There is quite a bit there to work through, but I was struck by one of the responses to a gcc bug report:

"you're leading to undefined behaviour - do you understand this simple fact?
in such cases compiler can do *anything* with your code."

I've seen similar comments before (about #pragma, I think). I don't think it was an official response, but it prompts me to discuss

the use of "undefined".

The word "undefined" has historically been used by language definitions as a technical term.

For instance, by Algol 68:

"1.1.4.3. Undefined

a) If something is left “undefined” or is said to be “undefined”, then this means that it is not defined by this Report alone and that, for its definition, information from outside this Report has to be taken into account. {A distinction must be drawn between the yielding of an undefined value (whereupon elaboration continues with possibly unpredictable results) and the complete undefinedness of the further elaboration. The action to be taken in this latter case is at the discretion of the implementer, and may be some form of continuation (but not necessarily the same as any other implementer’s continuation), or some form of interruption (2.1.4.3.h) brought about by some run-time check.}

b) If some condition is “required” to be satisfied during some elaboration then, if it is not so satisfied, the further elaboration is undefined."

For example, a computation that uses a value from store that has not previously been initialised by the program will, at the machine level,

load and use whatever happened to be there, which is especially exciting if it's used as a pointer or floating-point number;

there will be a similar effect in a language that does not check array bounds if an index is out of bounds; and so on.

There are more subtle cases where machine arithmetic at one time did differ in its handling of (say) arithmetic overflow.

Some of the cases are machine-dependent, and others are language-dependent.

Some languages will say things like "the order of evaluation of subexpressions is undefined" to allow different implementations some flexibility,

where other languages that emphasise absolute portability might say that evaluation is (say) strictly left-to-right.

Others will state that dereferencing nil will necessarily produce a trap; others will leave you with whatever result the machine

and run-time system produce when you do it.

I deliberately did not use the C standard's own definition to emphasise that it's ancient, and nothing new with C:

Pascal's standard will have some similar concept, as does Ada.

In all cases, however, there has never been any suggestion *whatsoever* that "undefined" allowed

completely arbitrary, capricious or even whimsical effects.
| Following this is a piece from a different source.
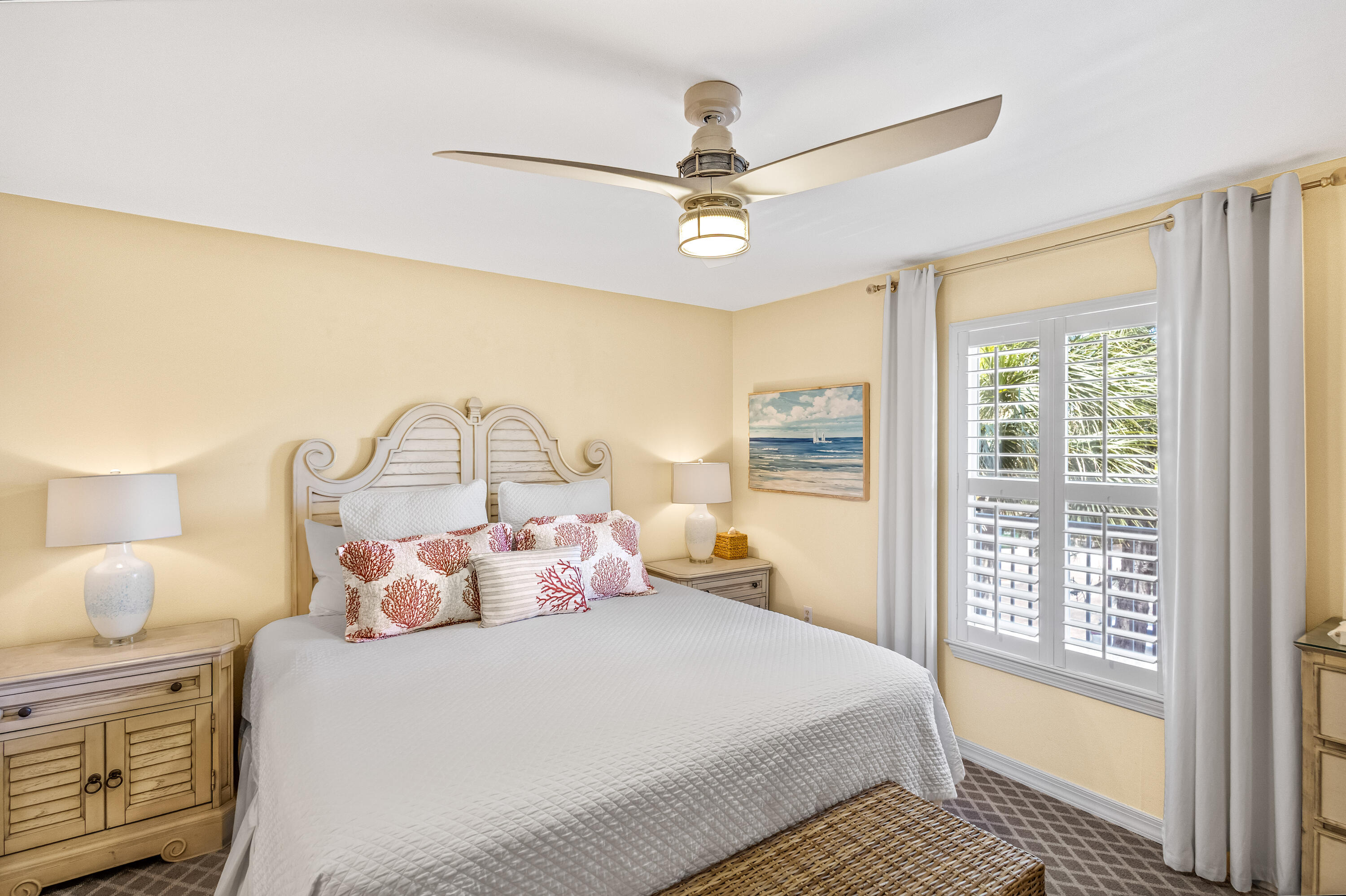 GULF PLACE CARIBBEAN CONDO - Residential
It meant either that the results might simply depend on an implementation choice

between one or other plausible interpretation of a construction, or they reflected differences in either the machine operations or its run-time state (in the case of referencing uninitialised storage).

I refer again to Algol 68: "this means that it is not defined by this Report alone and that, for its definition, information from outside this Report has to be taken into account". In the past, that outside information might include the documentation for the compiler you're using, or the machine definition.

No sane compiler writer would ever assume it allowed the compiler to "do *anything" with your code".

The Plan 9 C compiler is firmly in that historical tradition: the compiler takes advantage of flexibility in evaluation order when it seems helpful,

and tries to avoid making assumptions (ie, "optimisations") that frustrate a programmer's explicit attempt to get a particular effect (eg

with overflow checks); the compiler doesn't do much non-local optimisation (which is where many problems arise) above the expression level;

when handling pointers and arithmetic, it very traditionally gives you what the machine gives you for arithmetic and references to undefined values or out of range indices, unless the language definition (rarely) defines a particular effect. It also eliminates several "undefined" effects

in ANSI C, for convenience or portability, notably the state of program values after longjmp.

One of the examples in the first paper was:

struct tun_struct *tun = ...;

struct sock *sk = tun->sk;

if (!tun)

return POLLERR; /* write to address based on tun */

and the text described its handling by gcc:

"For example, when gcc first sees the dereference tun->sk, it concludes that the pointer tun must be non-null, because the C standard states that dereferencing a null pointer is undefined [24: §6.5.3]. Since tun is non-null, gcc further determines that the null pointer check is unnecessary and eliminates the check, making a privilege escalation exploit possible that would not otherwise be."

I should say, as a compiler writer, that seems to have the reasoning back to front, by making a perverse appeal to "undefined".

Really, in that text, it's only after the conditional test that one can conclude

that the pointer is or is not null in the relevant branch of the if-else. It is what we call "a compiler bug".

Apparently Hoare's "billion dollar mistake" can be made worse by misguided automated reasoning!